Section 29 of the 2010 Act deals with fixed penalty notices:
      29.— (1) Where a person, who is not a specified person, is alleged to have committed an offence under section 4 (2), (3) or (4) or section 5 (2), (3) or (4) and the concentration of alcohol purported to be present in his or her body as stated in accordance with section 13 or certified in accordance with section 17 —

      (a) did not exceed—

      (i) 80 milligrammes of alcohol per 100 millilitres of blood,

      (ii) 107 milligrammes of alcohol per 100 millilitres of urine,

      (iii) 35 microgrammes of alcohol per 100 millilitres of breath,

      or

      (b) exceeded—

      (i) 80 milligrammes but did not exceed 100 milligrammes of alcohol per 100 millilitres of blood,

      (ii) 107 milligrammes but did not exceed 135 milligrammes of alcohol per 100 millilitres of urine, or

      (iii) 35 microgrammes but did not exceed 44 microgrammes of alcohol per 100 millilitres of breath,

      he or she shall, subject to subsections (4) and (5), be served with a notice (“fixed penalty notice”) in accordance with subsection (10) stating that where the charge specified in subsection (7) (“fixed charge”) is paid in accordance with this section and the penalty points specified in subsection (8)(a)(i) or disqualification specified in subsection (8)(a)(ii) for the person holding a driving licence is in consequence applicable, a prosecution in respect of any such offence shall not be initiated against him or her.
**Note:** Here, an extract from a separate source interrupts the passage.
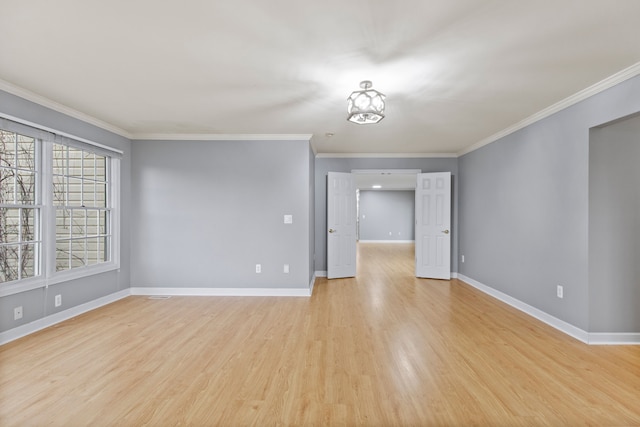 5580 Hegel Rd, Goodrich, MI 48438 - empty room with baseboards, ornamental molding, and light wood finished floors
      (2) Where a specified person is alleged to have committed an offence under section 4 (2), (3) or (4) or section 5 (2), (3) or (4) and the concentration of alcohol purported to be present in his or her body as stated in accordance with section 13 or certified in accordance with section 17 did not exceed—

      (a) 80 milligrammes of alcohol per 100 millilitres of blood,

      (b) 107 milligrammes of alcohol per 100 millilitres of urine, or

      (c) 35 microgrammes of alcohol per 100 millilitres of breath,

      he or she shall, subject to subsections (4) and (5), be served with a notice (“fixed penalty notice”) in accordance with subsection (10) stating that where the charge specified in subsection (7) (“fixed charge”) is paid in accordance with this section and disqualification specified in subsection (8)(b) for the specified person holding a driving licence is in consequence applicable, a prosecution in respect of any such offence shall not be initiated against him or her.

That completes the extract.